- You have no qualms about yelling at someone for rubbing all nasty-like up against you on the subway. (I forgot that years of actor training left me with a voice that has absolutely no problem carrying throughout the entire train car, thusly warning all those around that the pree-verts are lurking.)
- You are walking up the stairs to exit the subway station and a rat comes scurtteling (new word) down the stairs as though he is trying to catch the train, and you look at which ever person happens to be closest to you and you both dissolve into laughter. A little gross, but a lot funny. Only in New York.
- Every week, for the past year, you have done a wedding invitation with the Brooklyn Bridge on it. Of course, that didn't happen so much in Chicago or DC. Chicago didn't really have a set landmark that people over-used, but in DC people used cherry blossoms a lot.

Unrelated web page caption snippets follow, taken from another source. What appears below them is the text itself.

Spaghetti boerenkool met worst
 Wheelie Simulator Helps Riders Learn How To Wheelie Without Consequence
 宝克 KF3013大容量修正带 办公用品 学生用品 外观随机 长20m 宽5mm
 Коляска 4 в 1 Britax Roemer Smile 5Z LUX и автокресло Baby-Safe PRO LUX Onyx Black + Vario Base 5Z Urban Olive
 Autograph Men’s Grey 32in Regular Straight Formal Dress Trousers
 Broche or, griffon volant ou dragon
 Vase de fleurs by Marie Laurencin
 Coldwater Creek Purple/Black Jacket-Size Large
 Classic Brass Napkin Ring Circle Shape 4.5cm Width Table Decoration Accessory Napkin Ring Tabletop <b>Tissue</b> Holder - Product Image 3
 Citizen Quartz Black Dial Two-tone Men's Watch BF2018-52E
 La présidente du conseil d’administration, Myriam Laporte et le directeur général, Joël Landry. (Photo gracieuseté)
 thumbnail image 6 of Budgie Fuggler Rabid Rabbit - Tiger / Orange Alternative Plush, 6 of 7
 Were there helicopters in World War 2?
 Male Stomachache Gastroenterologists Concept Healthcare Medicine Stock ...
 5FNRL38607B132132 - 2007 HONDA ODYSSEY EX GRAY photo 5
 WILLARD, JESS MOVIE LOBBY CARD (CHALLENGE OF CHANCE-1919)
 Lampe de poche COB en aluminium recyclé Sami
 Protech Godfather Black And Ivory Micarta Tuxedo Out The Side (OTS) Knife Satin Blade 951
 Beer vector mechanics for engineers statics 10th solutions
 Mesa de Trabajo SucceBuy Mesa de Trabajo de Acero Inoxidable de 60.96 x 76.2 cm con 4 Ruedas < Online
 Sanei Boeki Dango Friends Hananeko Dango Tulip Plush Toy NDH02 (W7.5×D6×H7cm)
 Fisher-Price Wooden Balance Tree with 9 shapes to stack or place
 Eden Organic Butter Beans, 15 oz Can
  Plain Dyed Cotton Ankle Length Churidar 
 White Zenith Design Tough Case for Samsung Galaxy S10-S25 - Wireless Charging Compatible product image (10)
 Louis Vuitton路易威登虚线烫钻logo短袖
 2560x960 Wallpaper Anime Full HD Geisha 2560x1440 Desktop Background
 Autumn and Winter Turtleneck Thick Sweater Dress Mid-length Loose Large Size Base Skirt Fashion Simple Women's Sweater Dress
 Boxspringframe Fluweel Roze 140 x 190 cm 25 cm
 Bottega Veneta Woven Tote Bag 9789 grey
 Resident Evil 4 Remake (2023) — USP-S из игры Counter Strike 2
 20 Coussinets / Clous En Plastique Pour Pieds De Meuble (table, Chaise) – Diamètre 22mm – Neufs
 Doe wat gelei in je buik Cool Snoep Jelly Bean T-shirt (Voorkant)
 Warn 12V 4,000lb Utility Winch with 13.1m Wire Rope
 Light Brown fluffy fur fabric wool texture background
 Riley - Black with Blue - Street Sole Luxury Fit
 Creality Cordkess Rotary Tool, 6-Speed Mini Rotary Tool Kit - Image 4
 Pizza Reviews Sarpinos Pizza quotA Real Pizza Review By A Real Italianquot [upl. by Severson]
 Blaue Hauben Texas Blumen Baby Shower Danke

- You wear the comfy shoes for the walk and change into the cute high heels once at the destination.
- You recycle obsessively.
- You eat street hotdogs without fear.
- You aim for certain cars on the subway trains because you know they'll drop you closest to the exit that you need.
- You walk into your morning bagel shop and fall instantly into a conversation about the Mayan Cosmogenisis and the possibility of the world ending in 2012. With the oaf-ish, goofy bagel guy behind the counter and the UPS man waiting for his coffee.
- You see TV shows where, in other parts of the country, people live in houses with, like, 3000 sq/ft and you think "Who on earth needs that much space?"
Note: Doggy seems to be doing better, although she is still on pain meds. She doesn't flinch when you touch her face anymore, so hope for the best!